Every religion does that

1 Cor 7:19 "what matters is keeping the Commandments of God"

Romans 8:4-9 points to the fact that the lost "do not submit to the law of God - neither indeed CAN they" by contrast to the saved in Romans 8:4-9

Romans 6 - you have an entire chapter on that subject.

Not really in context my friend:
Nevertheless, each person should live as a believer in whatever situation the Lord has assigned to them, just as God has called them. This is the rule I lay down in all the churches. Was a man already circumcised when he was called? He should not become uncircumcised. Was a man uncircumcised when he was called? He should not be circumcised. Circumcision is nothing and uncircumcision is nothing....[

Each person should remain in the situation they were in when God called them.

Interesting where cut the key point out of the text.

Let's quote it without your edit -- highlighting your deleted-text-edit in red

1 Cor 7
17 Only, as the Lord has assigned to each one, as God has called each, in this manner let him walk. And so I direct in all the churches. 18 Was any man called when he was already circumcised? He is not to become uncircumcised. Has anyone been called in uncircumcision? He is not to be circumcised. 19 Circumcision is nothing, and uncircumcision is nothing, but what matters is the keeping of the commandments of God. 20 Each man must remain in that condition in which he was called.
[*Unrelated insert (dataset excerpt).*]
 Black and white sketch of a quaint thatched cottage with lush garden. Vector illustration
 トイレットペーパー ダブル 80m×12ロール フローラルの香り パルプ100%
In that example the commandments of God are specifically contrasted to the ceremonial law (in this case circumcision).

through Christ Jesus the law of the Spirit who gives life has set you free from the law of sin and death.

The Spirit is the one that gave us the Law -- scripture ... 1 Tim 3:16

Hence the affirmation of it specifically in 1 Cor 7 and in Ephesians 6:2 "Children, obey your parents in the Lord, for this is right. 2 Honor your father and mother (which is the first commandment with a promise), 3 so that it may be well with you, and that you may live long on the earth."

And as for the partial quote of Romans 8 you offered - notice the context for that in Romans 7 that you left out.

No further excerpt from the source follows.